Die zugehörige Handlungsempfehlung liegt konträr zum Inflationsszenario: möglichst alles, möglichst rasch, möglichst langfristig und in möglichst sicheren Wertpapierklassen anlegen.
Sukzessiver Zinsanstieg
Die deutlich höhere Wahrscheinlichkeit dürfte aber bei einem mittleren Szenario liegen. Das Wachstum der Weltwirtschaft wird allein schon wegen des Wegfalls der Konjunkturprogramme und Aufholeffekte sowie öffentlicher Sparzwänge in den Industrieländern schwächer werden, aber deutlich positiv bleiben. Die Notenbanken der Industriestaaten werden zunächst weiter für günstige Finanzierungsbedingungen – also niedrige Zinsen – sorgen. Inflationstendenzen entstehen im ersten Schritt durch importierte Inflation. Die preistreibende Rohstoffnachfrage der Wachstumszentren in Asien und in Lateinamerika führt im Zusammenspiel mit dort steigenden Arbeitskosten und einer Aufwertung der Währungen zu höheren Importpreisen. Erst im zweiten Schritt entsteht Inflationsdruck auch endogen in den Industrieländern. Wieder höhere Lohnabschlüsse und Preissetzungsspielräume bei verbesserter Kapazitätsauslastung wären zu erwarten.

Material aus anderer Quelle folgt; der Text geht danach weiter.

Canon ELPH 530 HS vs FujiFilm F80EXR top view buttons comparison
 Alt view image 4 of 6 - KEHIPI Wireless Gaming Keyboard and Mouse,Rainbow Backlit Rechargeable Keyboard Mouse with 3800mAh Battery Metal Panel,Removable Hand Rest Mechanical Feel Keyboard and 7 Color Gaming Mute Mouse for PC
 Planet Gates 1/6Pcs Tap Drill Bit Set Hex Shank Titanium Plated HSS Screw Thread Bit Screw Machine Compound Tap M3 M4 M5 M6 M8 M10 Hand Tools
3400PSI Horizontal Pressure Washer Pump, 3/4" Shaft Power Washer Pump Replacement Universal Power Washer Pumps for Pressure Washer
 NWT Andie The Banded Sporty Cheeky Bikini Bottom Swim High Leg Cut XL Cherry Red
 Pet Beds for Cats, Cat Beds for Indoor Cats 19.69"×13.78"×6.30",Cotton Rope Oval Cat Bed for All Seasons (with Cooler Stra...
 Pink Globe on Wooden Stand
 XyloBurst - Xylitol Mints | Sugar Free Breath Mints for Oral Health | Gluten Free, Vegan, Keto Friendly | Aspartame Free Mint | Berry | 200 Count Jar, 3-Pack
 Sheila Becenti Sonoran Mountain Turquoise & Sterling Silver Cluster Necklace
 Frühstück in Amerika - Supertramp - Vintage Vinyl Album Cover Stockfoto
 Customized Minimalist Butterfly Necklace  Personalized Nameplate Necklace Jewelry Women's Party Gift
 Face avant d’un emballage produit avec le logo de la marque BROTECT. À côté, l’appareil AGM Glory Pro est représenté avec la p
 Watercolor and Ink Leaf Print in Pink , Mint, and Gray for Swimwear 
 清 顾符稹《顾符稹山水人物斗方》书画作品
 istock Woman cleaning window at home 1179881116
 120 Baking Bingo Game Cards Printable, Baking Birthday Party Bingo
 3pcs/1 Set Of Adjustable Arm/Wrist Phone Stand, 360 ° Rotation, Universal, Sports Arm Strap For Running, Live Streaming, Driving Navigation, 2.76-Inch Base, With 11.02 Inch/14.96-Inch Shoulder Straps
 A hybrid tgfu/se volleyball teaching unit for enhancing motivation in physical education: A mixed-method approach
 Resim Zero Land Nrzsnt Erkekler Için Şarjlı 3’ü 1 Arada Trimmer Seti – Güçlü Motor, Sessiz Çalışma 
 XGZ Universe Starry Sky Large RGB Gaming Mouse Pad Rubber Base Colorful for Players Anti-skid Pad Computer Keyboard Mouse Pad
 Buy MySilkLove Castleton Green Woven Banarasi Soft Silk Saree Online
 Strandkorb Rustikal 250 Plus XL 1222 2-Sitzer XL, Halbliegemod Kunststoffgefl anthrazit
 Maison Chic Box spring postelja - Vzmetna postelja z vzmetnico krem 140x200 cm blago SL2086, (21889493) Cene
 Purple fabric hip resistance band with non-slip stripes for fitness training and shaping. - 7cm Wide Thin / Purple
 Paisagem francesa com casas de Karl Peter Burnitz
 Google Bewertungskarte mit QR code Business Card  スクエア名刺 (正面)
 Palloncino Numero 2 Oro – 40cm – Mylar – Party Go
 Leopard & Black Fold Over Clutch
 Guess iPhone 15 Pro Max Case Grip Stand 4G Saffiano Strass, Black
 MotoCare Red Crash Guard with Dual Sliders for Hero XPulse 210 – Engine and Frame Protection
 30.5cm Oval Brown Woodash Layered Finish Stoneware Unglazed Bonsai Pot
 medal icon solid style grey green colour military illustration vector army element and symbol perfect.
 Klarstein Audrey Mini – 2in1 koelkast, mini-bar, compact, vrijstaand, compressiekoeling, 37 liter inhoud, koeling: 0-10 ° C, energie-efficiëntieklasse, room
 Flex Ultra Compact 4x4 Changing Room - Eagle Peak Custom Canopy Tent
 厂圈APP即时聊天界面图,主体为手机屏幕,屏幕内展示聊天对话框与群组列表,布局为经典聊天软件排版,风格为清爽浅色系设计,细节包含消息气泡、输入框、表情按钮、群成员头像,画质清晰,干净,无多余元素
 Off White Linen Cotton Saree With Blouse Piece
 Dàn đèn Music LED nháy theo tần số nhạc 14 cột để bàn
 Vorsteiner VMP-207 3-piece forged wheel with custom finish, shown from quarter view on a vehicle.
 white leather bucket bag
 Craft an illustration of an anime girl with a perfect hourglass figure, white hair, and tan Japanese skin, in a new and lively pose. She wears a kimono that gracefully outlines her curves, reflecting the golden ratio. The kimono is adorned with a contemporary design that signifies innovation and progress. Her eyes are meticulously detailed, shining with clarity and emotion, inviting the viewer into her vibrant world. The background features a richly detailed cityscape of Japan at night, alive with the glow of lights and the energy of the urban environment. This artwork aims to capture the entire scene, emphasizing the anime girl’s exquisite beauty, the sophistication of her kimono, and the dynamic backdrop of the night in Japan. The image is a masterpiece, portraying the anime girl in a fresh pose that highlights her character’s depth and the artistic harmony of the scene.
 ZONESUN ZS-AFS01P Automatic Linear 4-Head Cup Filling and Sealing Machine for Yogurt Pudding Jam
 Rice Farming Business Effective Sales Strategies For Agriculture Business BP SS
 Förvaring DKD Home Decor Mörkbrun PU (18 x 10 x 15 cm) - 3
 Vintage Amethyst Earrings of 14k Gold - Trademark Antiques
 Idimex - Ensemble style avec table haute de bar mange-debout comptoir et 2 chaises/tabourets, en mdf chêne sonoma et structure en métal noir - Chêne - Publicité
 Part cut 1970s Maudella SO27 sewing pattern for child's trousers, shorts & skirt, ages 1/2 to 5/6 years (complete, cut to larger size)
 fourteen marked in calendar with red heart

Die Handlungsempfehlung für den Anleger müsste lauten:
Die ganz langen Laufzeiten meiden und die durchschnittliche Laufzeit deutlich unter dem Richtwert von fünf Jahren halten.Rund zwei Drittel der Anlagen sollten in den nächsten fünf Jahren fällig werden. Unternehmensanleihen mit hoher Bonität können für kürzere und mittlere Laufzeiten ein relativ hohes Gewicht bekommen.
Bundesanleihen sollten unterproportional berücksichtigt werden; sie würden auf eine Entspannung der Finanzmärkte mit besonders deutlichen Kursabschlägen reagieren. Pfandbriefe können über das gesamte Laufzeitenspektrum als Sicherheitspuffer dienen.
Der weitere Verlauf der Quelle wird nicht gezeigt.